Her favourite souvenir from back home is a large piece by the artist Inkquisitive that features soulful illustrations of Drake drawn overtop the CN Tower. Singh, like any law-abiding Torontonian, is a devout Drake fan. She finally got the opportunity to meet him last September, backstage at his concert in L.A. In the Instagram photo, Singh wore a 416 trucker hat, closed her eyes and clasped her hands in mock prayer, while Drake made his signature 6 hand signal. “Me and a sweeter Toronto ting that has the world in her palm,” he wrote in the caption.

When I walked into Singh’s living room on the day of the People’s Choice Awards, I heard her voice before I saw her face. “Yoooooooo,” she bellowed as she thumped down the stairs makeup-free in a shiny black basketball jersey and tearaways. “Who’s this person who’s gonna see me looking all gross?” Singh speaks with a distinctively slangy Scarberian argot, exuding the same cocksure charisma that you see in her videos. She possesses a cartoon beauty, with giant eyes that look like a Snapchat filter and elastic, expressive features that are ideally suited to Internet vaudeville. When she sits, she leans forward, shifting her shoulders and splaying her legs like a manspreader on the subway. I ask her if she’s looking forward to the awards, and she closes her eyes and nods reverently. “I find awards shows so inspiring,” she says.

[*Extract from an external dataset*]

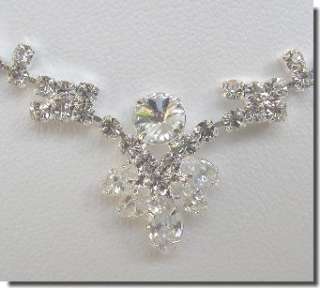 Bridal Crystal Necklace Earrings Set Prom Wedding Pageant Jewelry 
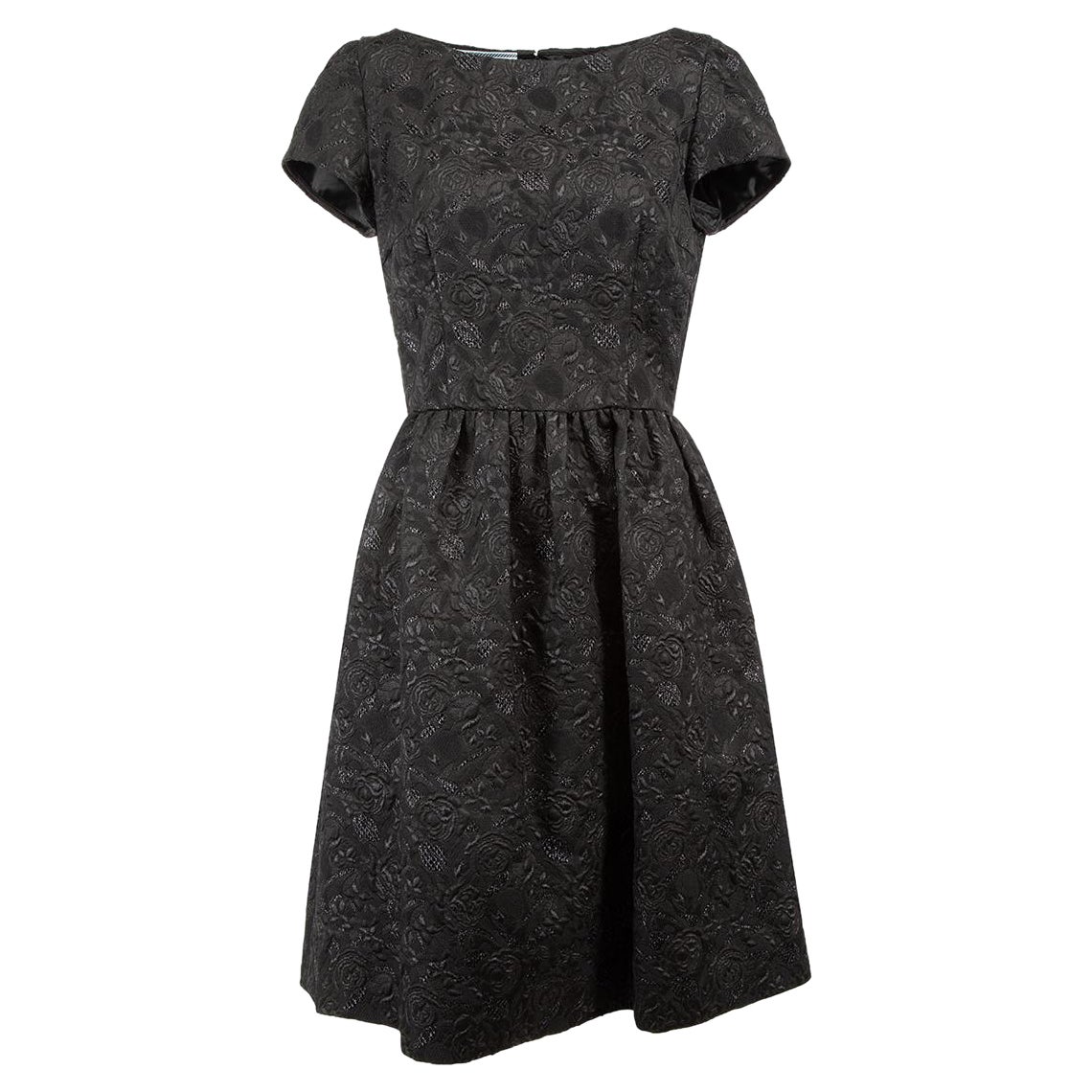 Black Metallic Thread Floral Jacquard Mini Dress Size M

Even Singh’s tattoos align with her Oprah-lite brand: she has “One Love” scripted conspicuously over her collarbone, and the Punjabi words “Nirbhao” (without fear) and “Nirvair” (without hate) on the insides of her wrists.

Most of her videos begin: “Whaddup! It’s your girrrrrrrrrl Superwoman!” she hollers, then flashes a complicated hand-signal S that’s meant to replicate the Superwoman logo. Insiders know the S has a double meaning: it’s also a symbol for Scarborough, where Singh spent the bulk of her childhood. Singh has lived out the classic second-generation Canadian success story. Her father, Sukhwinder, and her mother, Malwinder, grew up in the Punjabi region of India, where they were paired in an arranged marriage. Sukhwinder came to Canada in 1972 and found jobs as a factory worker, cab driver and furniture salesman, finally earning enough money for his wife to immigrate here in 1981. “He still has pictures of himself posing next to his first refrigerator. That was really exciting for him,” Lilly says. Malwinder worked at a company that produced CDs and cassettes. Eventually, Sukhwinder acquired leases for 11 gas stations around the GTA, and, by the early ’80s, the couple had bought a home in Malvern. Their elder daughter, Tina, was born in 1982; Lilly followed six years later.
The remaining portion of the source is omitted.